Start of Information supplied
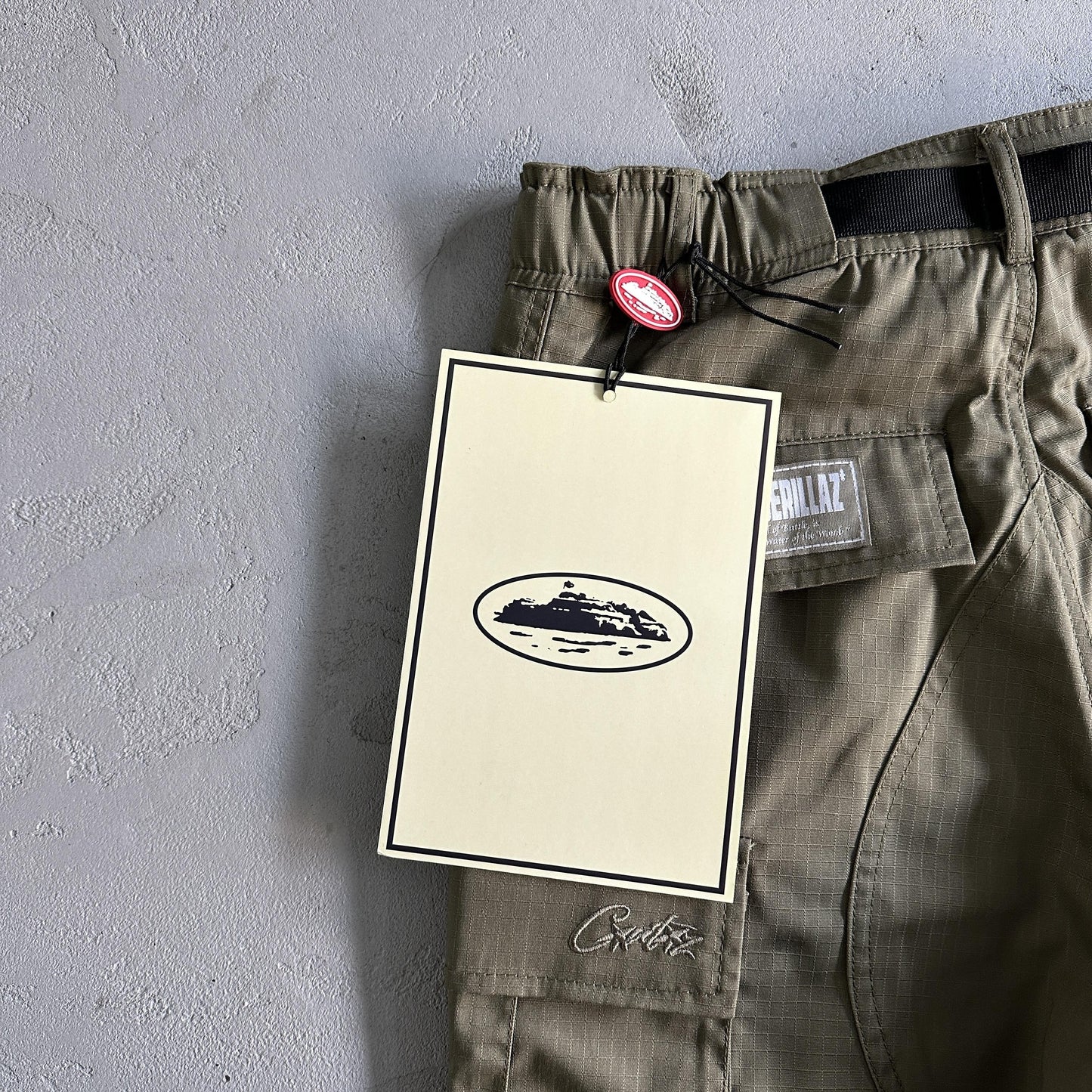 Corteiz Cargo Pant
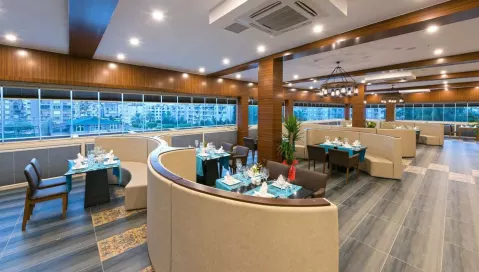 Viešbutis „ASIA BEACH RESORT & SPA“ (Alanija, Turkija)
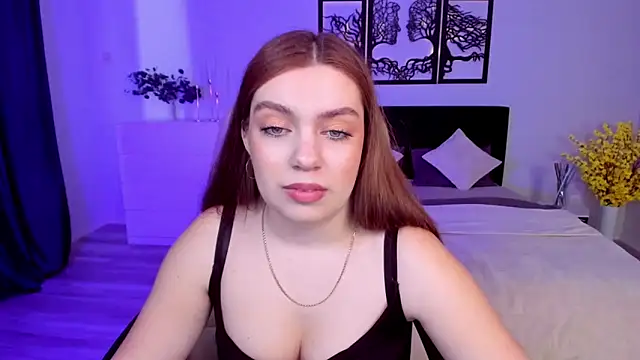 DaniellaLovely online show from 02/09/25, 09:58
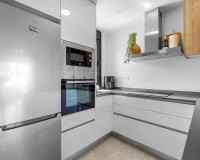 Resale - Apartment / Flat - Orihuela Costa - Villamartín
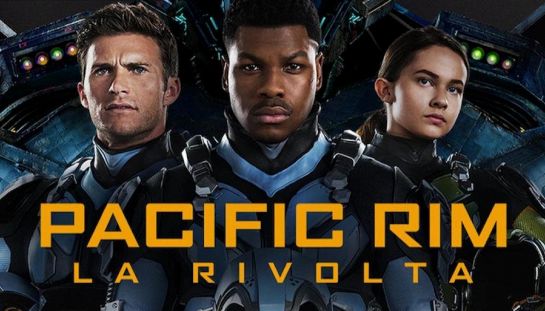 Pacific rim - la rivolta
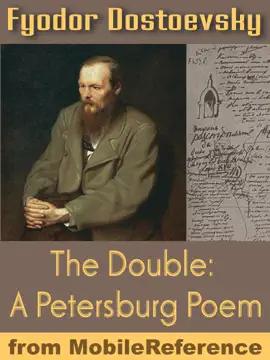 Read: The Double: Book A Petersburg Poem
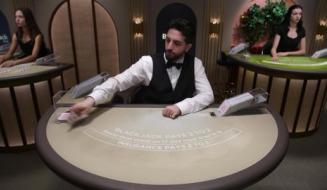 Live Table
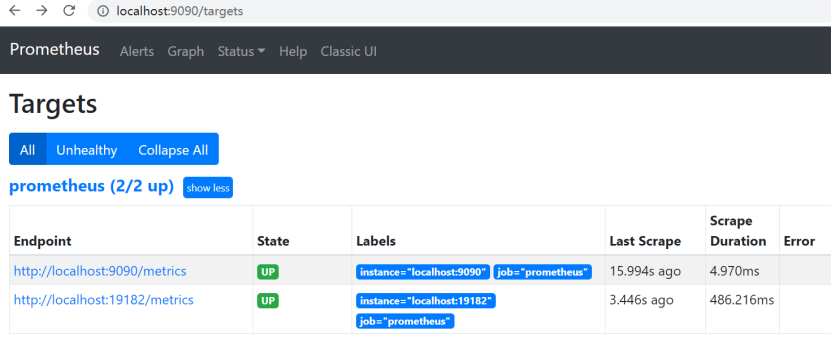 如何搭建Grafana+Prometheus监控系统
End of Information supplied
I need the entries printed exactly, with each picture left out.

Reply
 Corteiz Cargo Pant
 Viešbutis „ASIA BEACH RESORT & SPA“ (Alanija, Turkija)
 DaniellaLovely online show from 02/09/25, 09:58
 Resale - Apartment / Flat - Orihuela Costa - Villamartín
 Pacific rim - la rivolta
 Read: The Double: Book A Petersburg Poem
 Live Table
 如何搭建Grafana+Prometheus监控系统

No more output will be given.